The authors found that, as a result of such selective publication, the published literature conveyed a misleading impression of Cymbalta’s efficacy, resulting in an apparent effect size that was 33% larger than the effect size derived from the full clinical trial data. Because of all these efforts – including the direct-to-consumer promotional campaigns, misleading presentation of Cymbalta’s efficacy, and failure to adequately warn regarding Cymbalta’s withdrawal and dependency side effects – Cymbalta eventually became a “blockbuster” drug with over $3 billion dollars in annual sales, making it the second-most profitable drug in Lilly’s product line.

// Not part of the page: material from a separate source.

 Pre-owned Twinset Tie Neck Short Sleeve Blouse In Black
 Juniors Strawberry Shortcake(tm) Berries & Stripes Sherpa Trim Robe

Industry Watchdog Issues Damaging Findings About Cymbalta Withdrawal
In October 2012, the Institute for Safe Medication Practices (ISMP), a non-profit healthcare consumer safety watchdog, issued findings from its independent investigation of Cymbalta adverse events found in the FDA Adverse Event Reporting System (FAERS). The ISMP’s investigation uncovered “a signal for serious drug withdrawal symptoms associated with duloxetine (Cymbalta),” and detailed for the public what Lilly already knew: “Withdrawal symptoms were reported in 44-50% of patients abruptly discontinuing duloxetine at the end of clinical studies for depression, and more than half of this total did not resolve within a week or two.”
The ISMP report continued: “[W]e identified a serious breakdown at both the FDA and the manufacturer, Eli Lilly and Company, in providing adequate warnings and instructions about how to manage this common adverse effect.” Additionally, the FDA-approved patient guide for Cymbalta was found to be “materially deficient,” giving no hint of the persistence or severity of symptoms.
It does not address basic questions about withdrawal like:
- What kind of symptoms are most common?
- Should patients taper off the dose, and if so, how slowly?
- What should a patient do if depression or other symptoms recur?
- Is there a way to tell whether these are withdrawal symptoms or the previous illness returning?